As the Afterschool Alliance team wraps up the last of our 2017 to-do items, we reflect back on a year that can only be described as ‘eventful’!
News from the Hill
In March, the president proposed complete elimination of the 21st Century Community Learning Centers initiative – the primary source of federal funding support for local school and community based afterschool and summer learning programs. In response, 2017 also saw the largest advocacy push on record by afterschool advocates – with tens of thousands of Americans making the case for continued federal afterschool support. Afterschool allies reached out to Congress with more than 79,400 calls and emails, energized supporters to turn out at town halls in their communities, and prompted more than 1,400 local, state, and national organizations to sign a letter in support of Community Learning Centers.
Thanks to the efforts of dedicated after school advocates, the final appropriations bill for FY2017, passed in early May 2017, increased 21st Century Community Learning Centers funding to $1.192 billion, a $25 million increase over the FY2016 level, and a record amount of funding for the program. The funds mean almost 2 million children in all 50 states will have access to quality, locally-run afterschool and summer learning programs. While funding for FY2018 is still uncertain as the country is operating under a continuing resolution that expires on December 22, 2017, support for Community Learning Centers in Congress remains strong. (Read more about state and federal policy in 2017.)
Growing the field
The Afterschool Alliance also had a productive year training volunteers and advocates who continue to work hard to bring quality afterschool programming to youth all over the country. In 2017, we hosted 38 AmeriCorps VISTA members serving in 18 states across the country in programs that focus on afterschool sustainability, afterschool and summer meals expansion, afterschool STEM expansion, or young men of color mentoring and literacy.
Additionally, we trained 15 new advocates who make up the 2017-2018 Afterschool Ambassador class. We also announced an inaugural class of five Youth Afterschool Ambassadors. The youth ambassadors are working in their local communities to help others understand the value of afterschool and summer learning programs. Each student is supported by an adult mentor who is an alumnus of the Afterschool Ambassadors program and will complete a project in their community advocating for afterschool and summer learning programs. Their year will culminate in April with when they will attend the Afterschool for All Challenge with their ambassador mentor — check the blog in the coming weeks for guest blogs and profiles as our Youth Ambassadors introduce themselves!
Events, projects, and campaigns
Speaking of the Afterschool for All Challenge, this year’s June event featured a showcase on the Hill with speakers including Sens. Patty Murray (D-Wash.), Patrick Leahy (D-Vt.), and Lisa Murkowski (R-Alaska), and Reps.
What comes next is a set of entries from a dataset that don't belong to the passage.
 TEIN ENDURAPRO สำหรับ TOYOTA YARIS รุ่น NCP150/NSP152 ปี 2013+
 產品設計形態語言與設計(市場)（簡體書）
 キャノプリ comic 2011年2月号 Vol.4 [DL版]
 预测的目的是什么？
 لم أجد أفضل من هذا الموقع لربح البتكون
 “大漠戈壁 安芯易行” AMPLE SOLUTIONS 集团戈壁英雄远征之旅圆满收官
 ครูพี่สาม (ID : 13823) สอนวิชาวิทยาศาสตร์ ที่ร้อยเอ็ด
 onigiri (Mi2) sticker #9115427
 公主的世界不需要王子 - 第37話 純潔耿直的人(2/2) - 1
Bobby Scott (D-Va.) and Nita Lowey (D-N.Y.). Teams from 45 states and D.C. attended 200 meetings all across the Hill to bring the case for afterschool to the Capitol. And supporters at home kept the phones were ringing off the hook! While we were on Capitol Hill, afterschool supporters made 761 phone calls and sent 3,286 emails to their representatives in Congress.
Our other successful events this year included the third National Afterschool Summit in April, in which we worked with the Schwarzenegger Institute and the After-School All-Stars to host an incredible gathering of sports stars, celebrities, military leaders, education leaders, students and more to voice their collective support for quality afterschool programming.
In October we had a hugely successful Lights On Afterschool included 8,000 registered events across the country. With unprecedented online engagement, thanks to our “My Light’s On Afterschool” light bulb challenge and all that posts shared from across the country, #LightsOnAfterschool was trending on both the west and east coasts on October 26.
While this year had many successes, we’re already looking ahead at the challenges to come. While we expect to again face many of the same obstacles on the Hill in the coming months, we’re optimistic that the broad support and passionate advocacy that afterschool programs enjoy will help us fight the battles that may lay ahead. We cannot wait to come back in the New Year ready to continue our mission to bring quality afterschool programs to our nation’s youth.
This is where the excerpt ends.